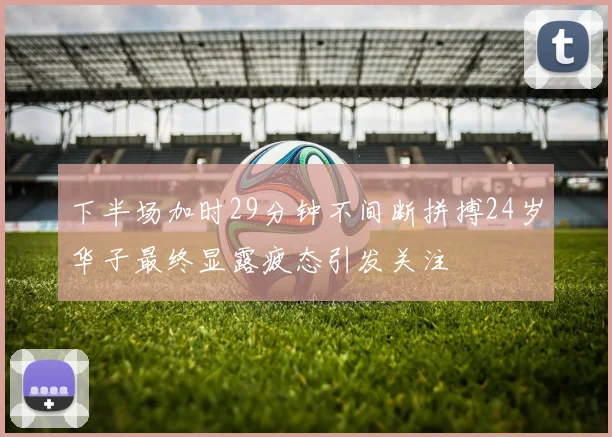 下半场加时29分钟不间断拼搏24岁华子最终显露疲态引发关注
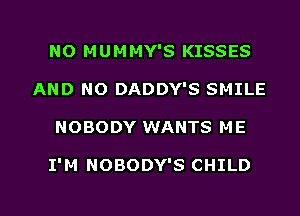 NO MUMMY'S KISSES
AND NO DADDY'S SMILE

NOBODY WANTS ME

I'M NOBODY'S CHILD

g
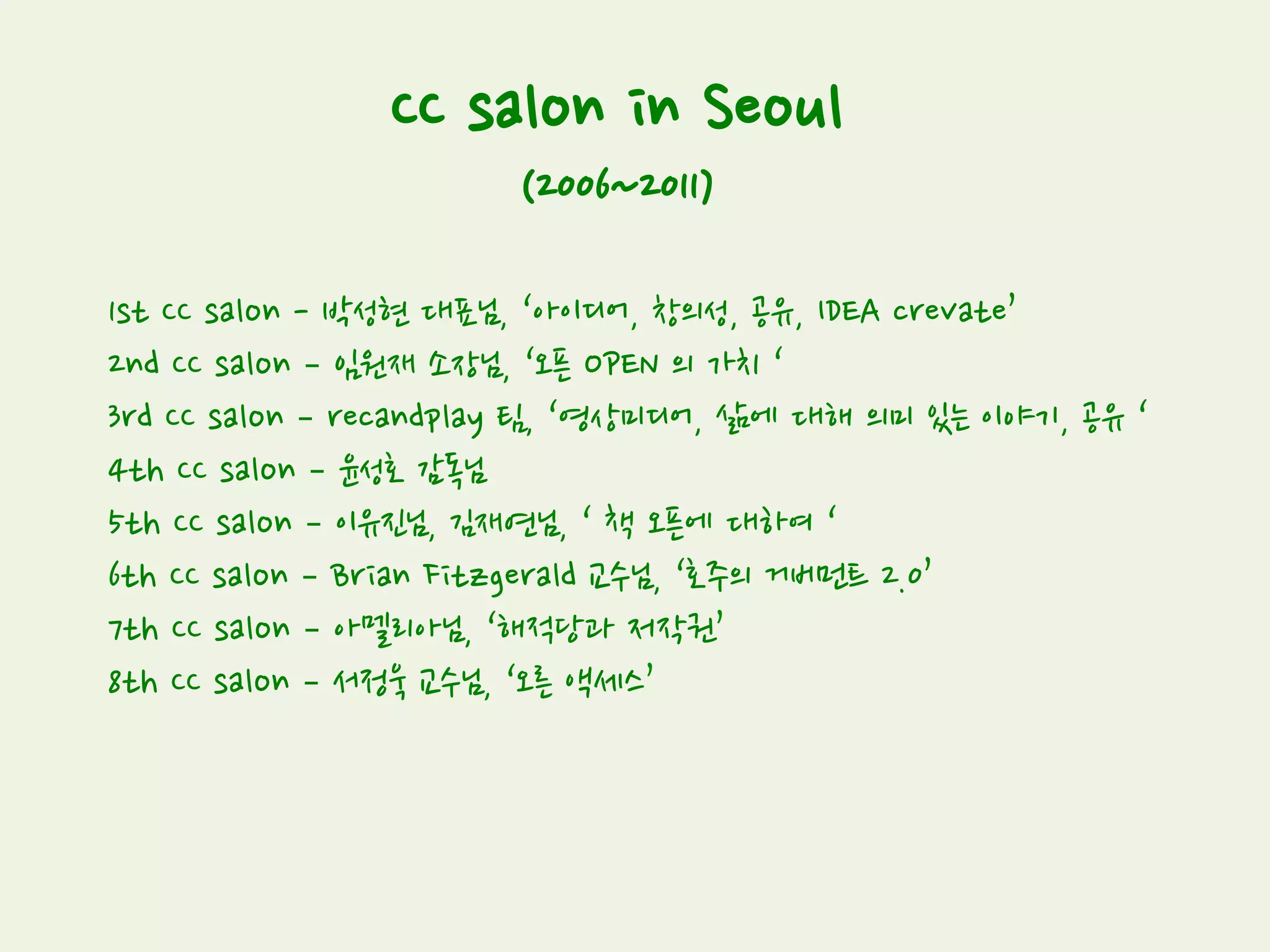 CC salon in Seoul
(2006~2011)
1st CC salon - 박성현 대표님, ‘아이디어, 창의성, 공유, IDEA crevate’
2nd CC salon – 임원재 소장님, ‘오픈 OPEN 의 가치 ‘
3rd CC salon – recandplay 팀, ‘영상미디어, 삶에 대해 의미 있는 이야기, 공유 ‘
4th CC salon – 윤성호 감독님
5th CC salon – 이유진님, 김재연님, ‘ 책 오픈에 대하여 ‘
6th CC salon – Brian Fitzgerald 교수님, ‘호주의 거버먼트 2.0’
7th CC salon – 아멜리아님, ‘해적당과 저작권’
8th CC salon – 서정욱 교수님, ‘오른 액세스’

◆ Your assignment ◆
Only the lines from the one containing "5th CC salon – 이유진님, 김재연님, ‘ 책 오픈에 대하여 ‘" through the last line of the records should appear, each written out exactly.

◆ Exercise answer ◆
5th CC salon – 이유진님, 김재연님, ‘ 책 오픈에 대하여 ‘
6th CC salon – Brian Fitzgerald 교수님, ‘호주의 거버먼트 2.0’
7th CC salon – 아멜리아님, ‘해적당과 저작권’
8th CC salon – 서정욱 교수님, ‘오른 액세스’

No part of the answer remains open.